I'm a little unclear on how the furry identity works. Is it like an LGBT+ thing where you just are this thing regardless of your feelings or desires, or does wanting to be a furry make you one? Like, I've fought against being trans much of my life, but now I see I pretty much always was. But I don't know if liking the puppygirl idea makes me a furry, or if that's something I have to have always been? (this is not a reaction to a recently popular puppygirl, I've meant to ask this for a while) I also may be terribly misunderstanding furries; that's a taboo subject where I live, so I don't know much.
Hi, I just came out as gay, and as a furry last week! After spending over a decade in the closet...
So, here's a short history of my experience of the Furry fandom.
When I was a young lad (teen), I noticed I felt attraction toward guys, but not girls. Boobs don't really do it for me. I grew up in a conservative christian household, so even those thoughts were considered evil. So, repressing those thoughts along the merry way, I found furry communities online. For the first time, Queerness was not punished. Queerness was not shamed, it was celebrated with art, writing, and "art". The online Furry community was a safe haven where I could imagine a world where I didn't have to repress all those things anymore, and be more of myself.
Now that I'm out (to my close friends), I'm noticing that Queer acceptance is a major cornerstone of furries. Next important thing to me, is the appreciation or enjoyment of the ideas, art, or media. Third is just a dash of Chemical X (weirdness), or more accurately, the courage to be yourself, enjoy yourself, and be cringe.
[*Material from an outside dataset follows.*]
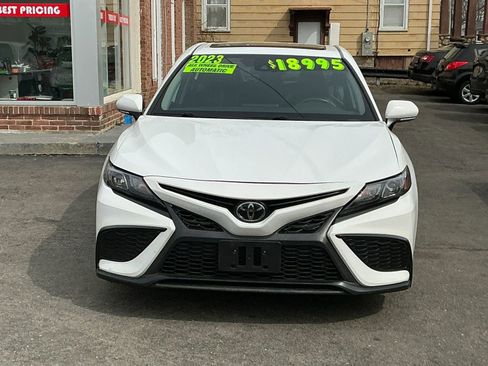 Used 2023 Toyota Camry SE AWD/4WD image 2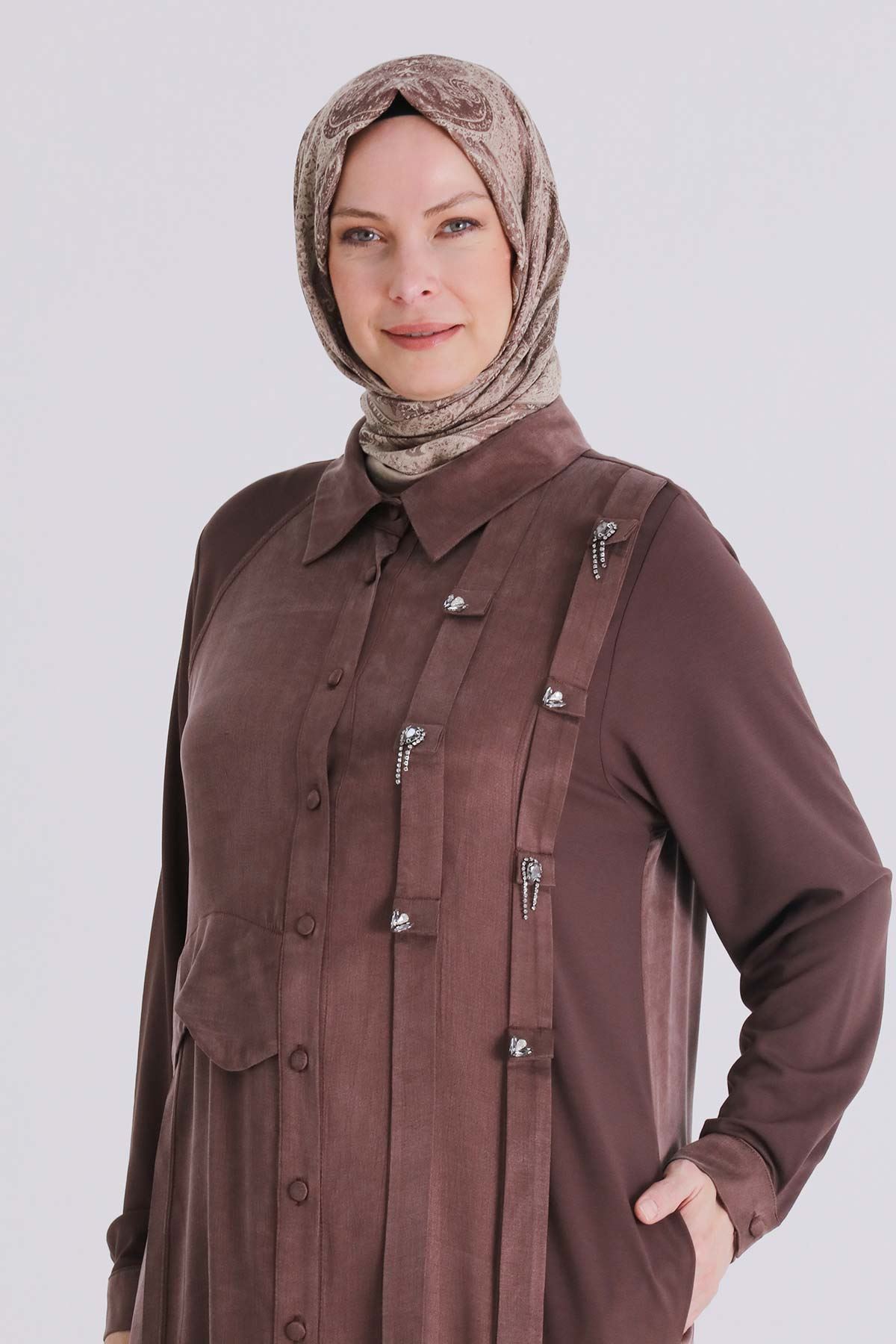 Büyük Beden Tesettür Taşlı Ferace 28080 Kahve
Yes, there are kinks, but I've heard the quote: "There is pornographic art and room parties, you're out of your mind to deny that stuff exists, but that isn't unique to furries. Think of Anime, Star Trek, etc. These fandoms and cultures don't have sexy or kinky things because of the content, they have those things in it because they are created by (and for) human beings." The furry fandom likely gets more shit for it because of A) the open queerness and B) actually it's probably just the open queerness.
Oddly, I've become slightly less attached to the Fandom, while enjoying it more, if that makes any sense.
There's tons of YouTubers that do documentaries on the stuff. There's like a 1.5h film festival submission that won awards on YT, describing the history of modern-day Furries.
Historically, pictures and stories of animal-people are as old as civilization itself. Even the Epic of Gilgamesh had a Furry character in it, off the top of my head.